| WHAT YOU NEED TO DO |
I'd like every entry transcribed word for word, with no pictures.
GIVEN RECORDS START
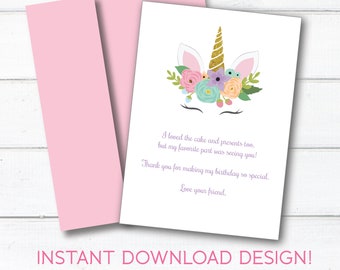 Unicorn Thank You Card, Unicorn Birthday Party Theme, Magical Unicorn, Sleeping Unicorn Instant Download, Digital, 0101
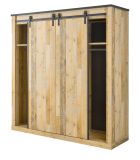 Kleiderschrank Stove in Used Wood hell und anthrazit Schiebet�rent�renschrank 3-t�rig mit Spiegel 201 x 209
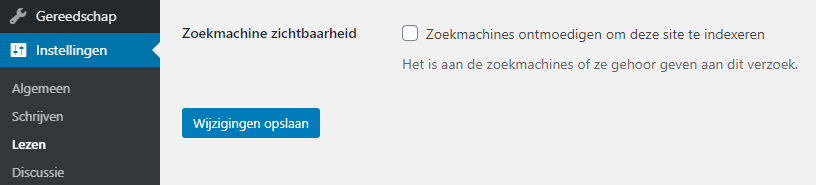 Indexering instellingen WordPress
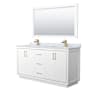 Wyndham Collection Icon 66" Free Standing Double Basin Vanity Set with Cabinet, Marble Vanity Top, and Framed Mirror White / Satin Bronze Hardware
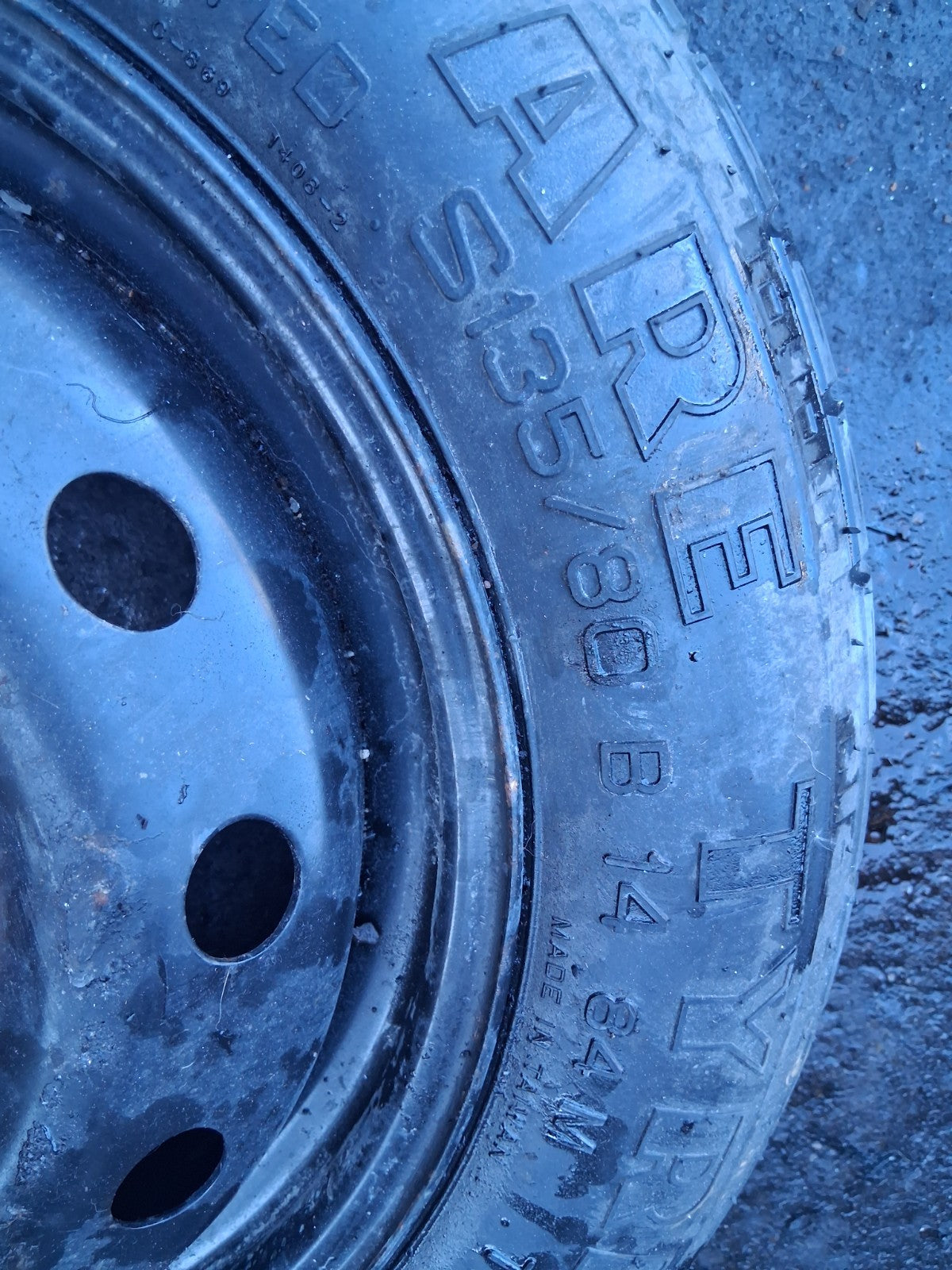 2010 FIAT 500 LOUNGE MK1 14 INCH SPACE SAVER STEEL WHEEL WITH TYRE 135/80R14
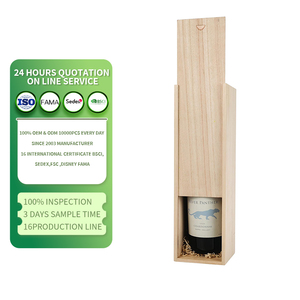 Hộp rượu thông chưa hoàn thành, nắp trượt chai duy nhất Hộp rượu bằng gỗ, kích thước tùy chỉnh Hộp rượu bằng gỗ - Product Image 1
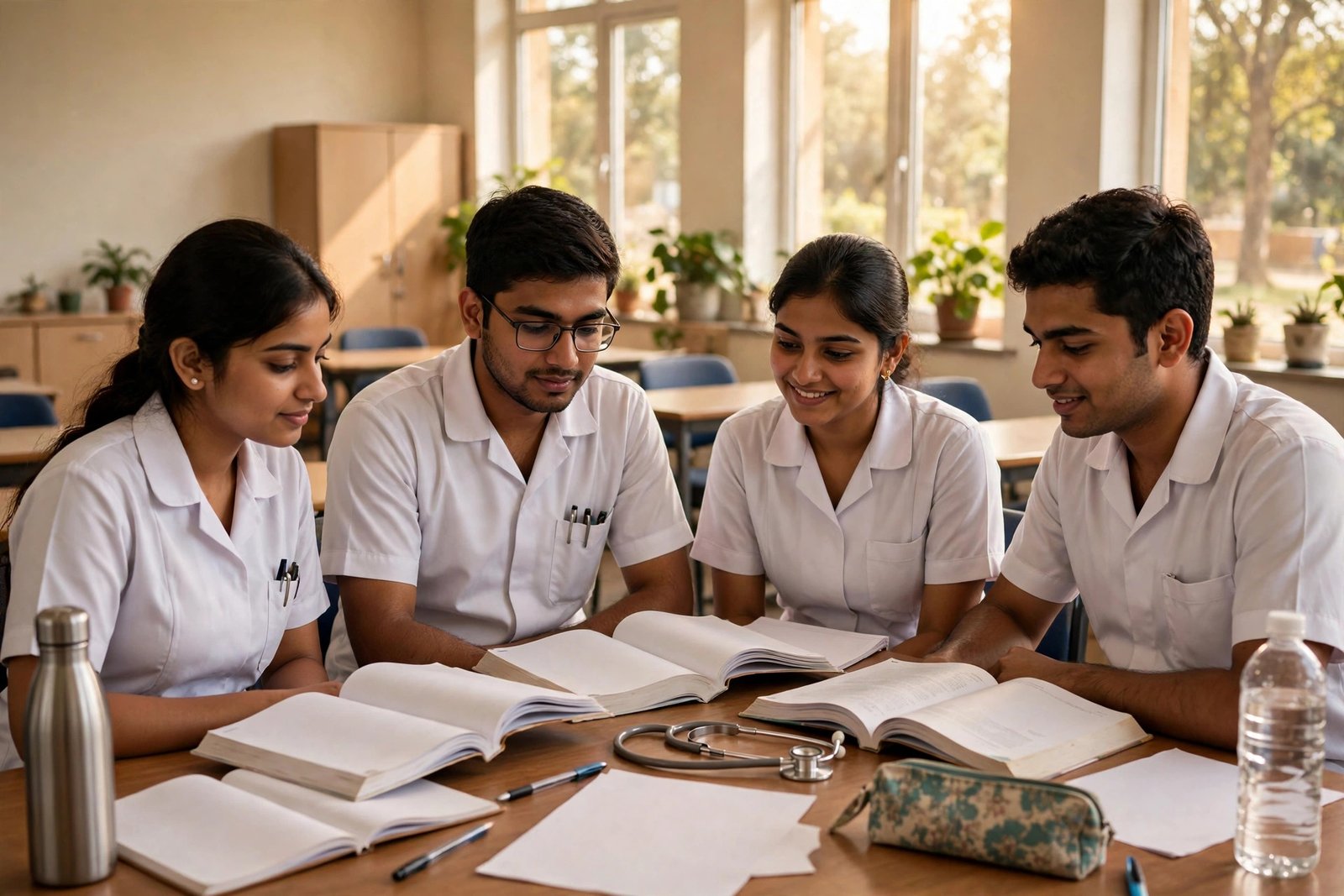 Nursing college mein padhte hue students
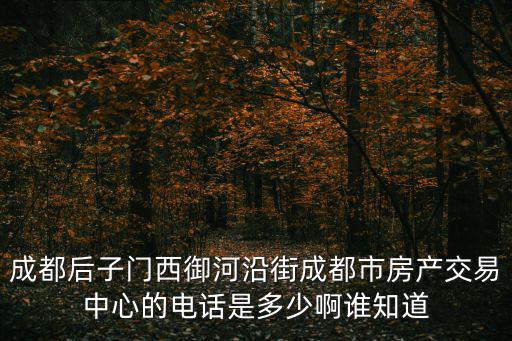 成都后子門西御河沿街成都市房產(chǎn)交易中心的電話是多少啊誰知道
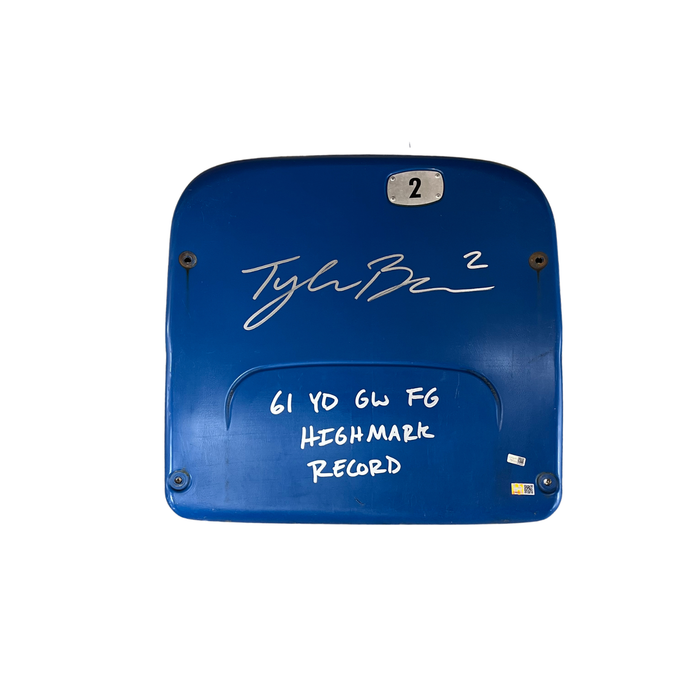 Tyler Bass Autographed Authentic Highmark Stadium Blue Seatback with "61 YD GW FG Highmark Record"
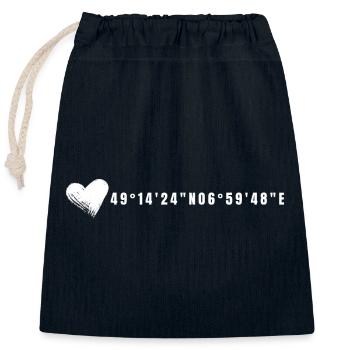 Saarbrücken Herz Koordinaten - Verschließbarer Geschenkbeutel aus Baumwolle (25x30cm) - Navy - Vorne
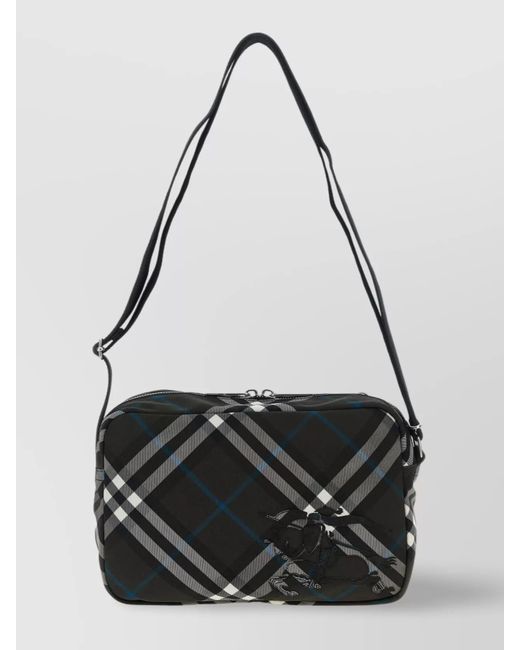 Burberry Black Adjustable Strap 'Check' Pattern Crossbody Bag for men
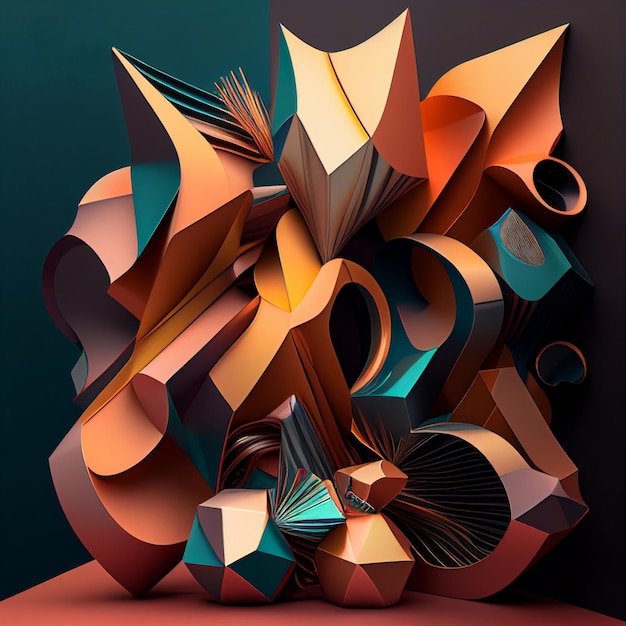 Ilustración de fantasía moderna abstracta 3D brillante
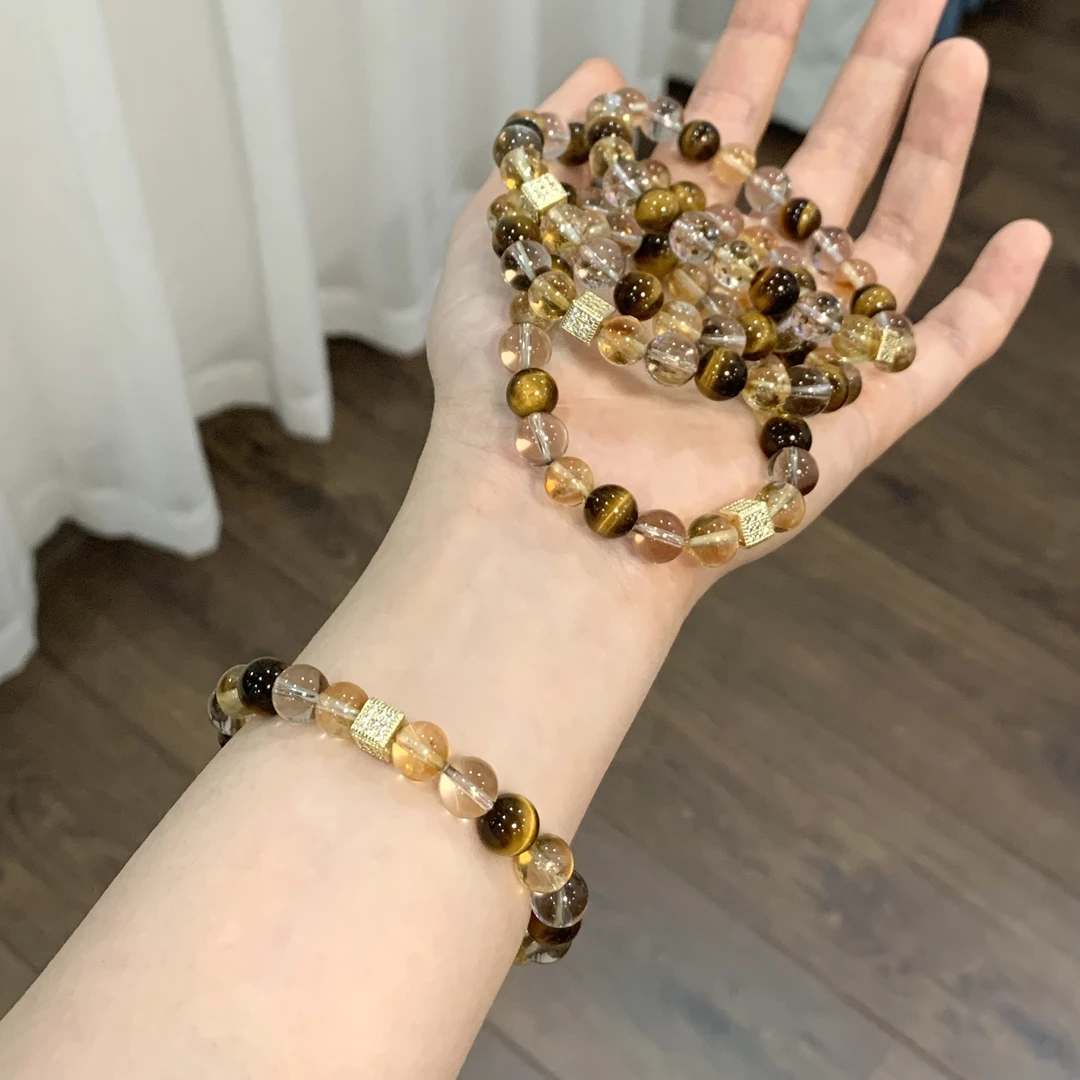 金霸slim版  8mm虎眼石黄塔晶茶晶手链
GIVEN RECORDS END
| EXERCISE SOLUTION |
 Unicorn Thank You Card, Unicorn Birthday Party Theme, Magical Unicorn, Sleeping Unicorn Instant Download, Digital, 0101
 Kleiderschrank Stove in Used Wood hell und anthrazit Schiebet�rent�renschrank 3-t�rig mit Spiegel 201 x 209
 Indexering instellingen WordPress
 Wyndham Collection Icon 66" Free Standing Double Basin Vanity Set with Cabinet, Marble Vanity Top, and Framed Mirror White / Satin Bronze Hardware
 2010 FIAT 500 LOUNGE MK1 14 INCH SPACE SAVER STEEL WHEEL WITH TYRE 135/80R14
 Hộp rượu thông chưa hoàn thành, nắp trượt chai duy nhất Hộp rượu bằng gỗ, kích thước tùy chỉnh Hộp rượu bằng gỗ - Product Image 1
 Nursing college mein padhte hue students
 成都后子門西御河沿街成都市房產(chǎn)交易中心的電話是多少啊誰知道
 Tyler Bass Autographed Authentic Highmark Stadium Blue Seatback with "61 YD GW FG Highmark Record"
 Saarbrücken Herz Koordinaten - Verschließbarer Geschenkbeutel aus Baumwolle (25x30cm) - Navy - Vorne
 Burberry Black Adjustable Strap 'Check' Pattern Crossbody Bag for men
 Ilustración de fantasía moderna abstracta 3D brillante
 金霸slim版  8mm虎眼石黄塔晶茶晶手链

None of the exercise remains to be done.